Description of the task
Every line of the listing should be retyped exactly, but none of the pictures should be.

Data excerpt

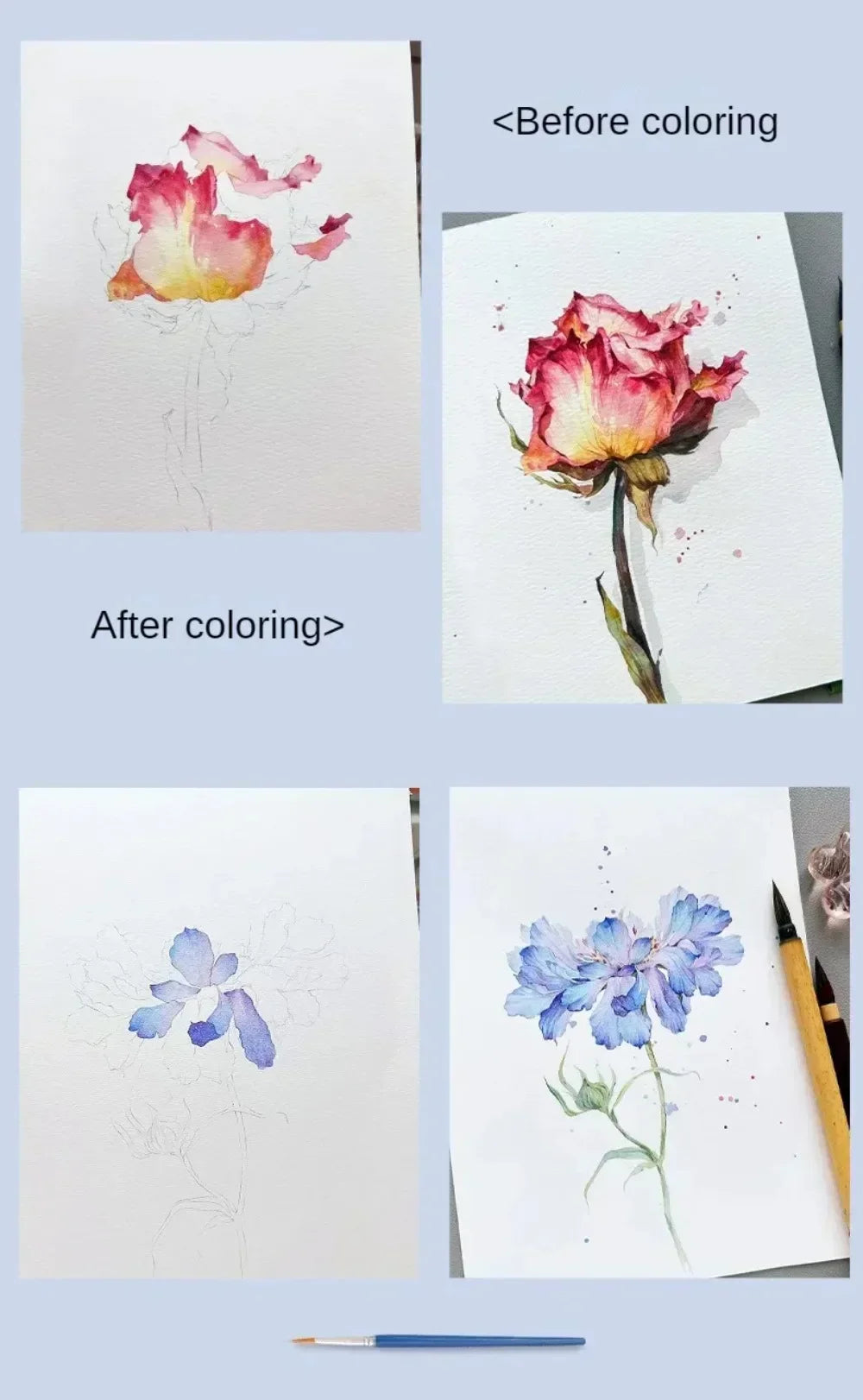 Portable Watercolor Painting Book with 4 Sheets - Kids Gouache Coloring Stationery and Graffiti Drawing Set with Paint Brush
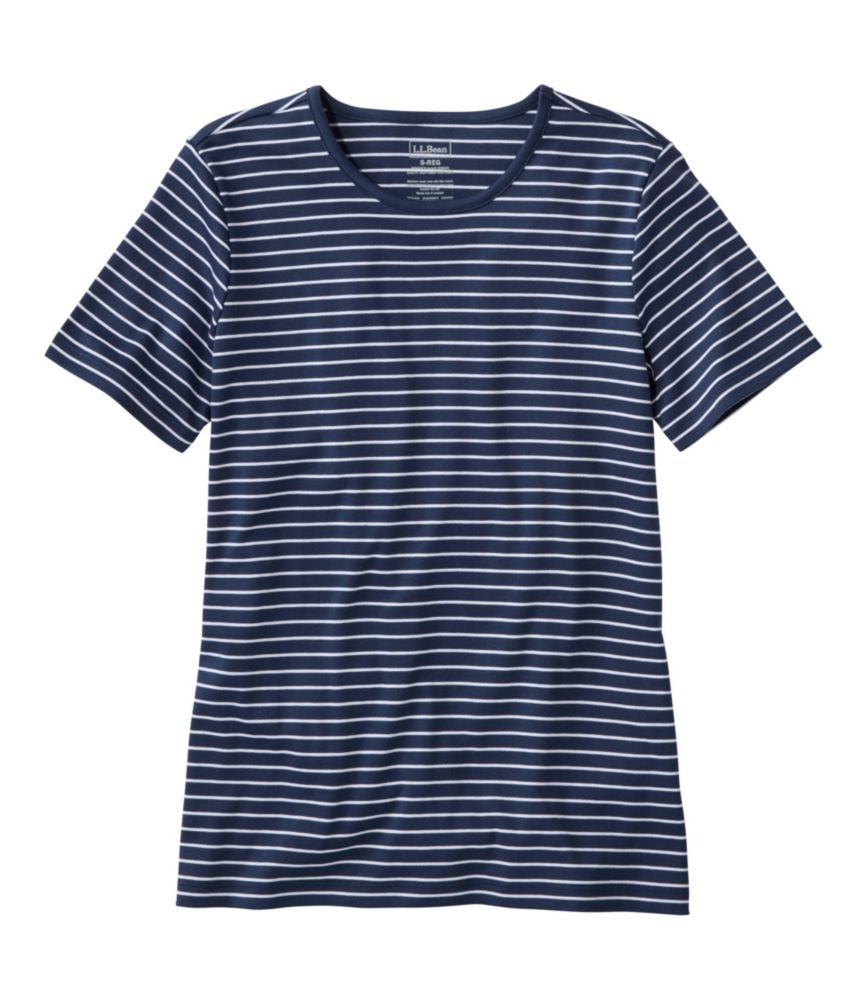 Women's Pima Cotton Tee, Short-Sleeve Crewneck Stripe, Raven Blue/White, small image number 1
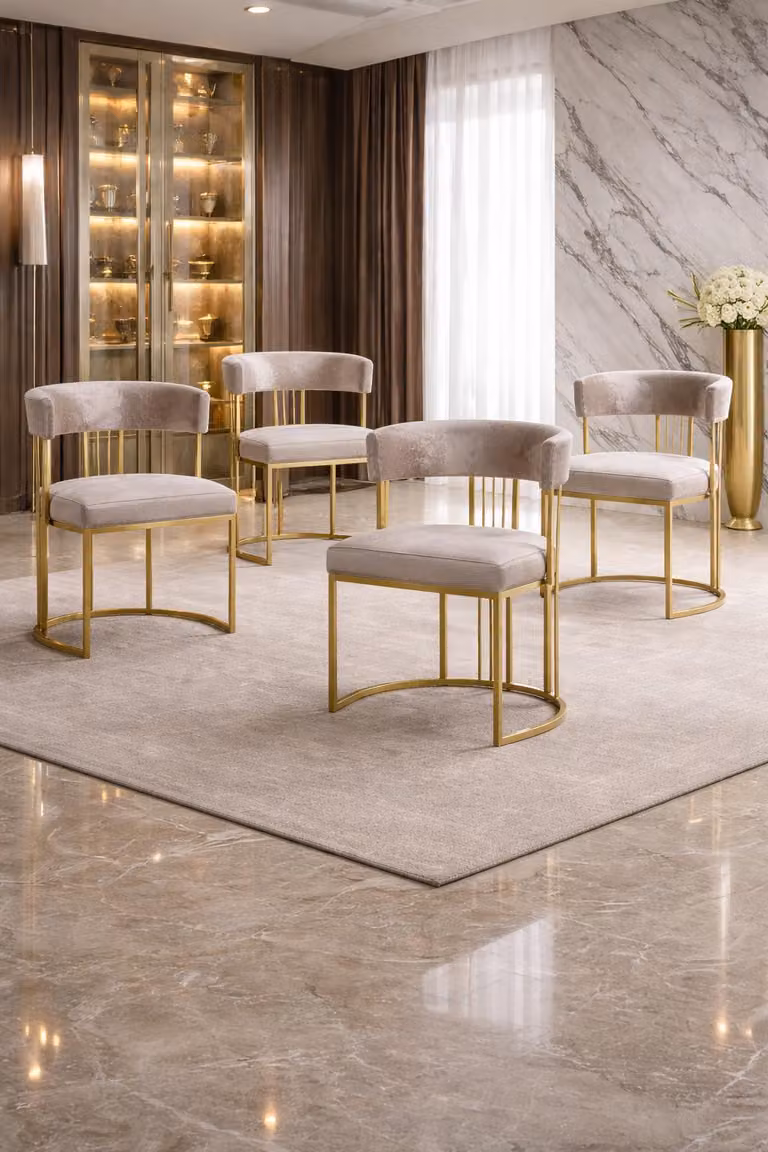 Set di quattro eleganti poltrone in velluto color champagne, con struttura in finitura dorata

Solution
 Portable Watercolor Painting Book with 4 Sheets - Kids Gouache Coloring Stationery and Graffiti Drawing Set with Paint Brush
 Women's Pima Cotton Tee, Short-Sleeve Crewneck Stripe, Raven Blue/White, small image number 1
 Set di quattro eleganti poltrone in velluto color champagne, con struttura in finitura dorata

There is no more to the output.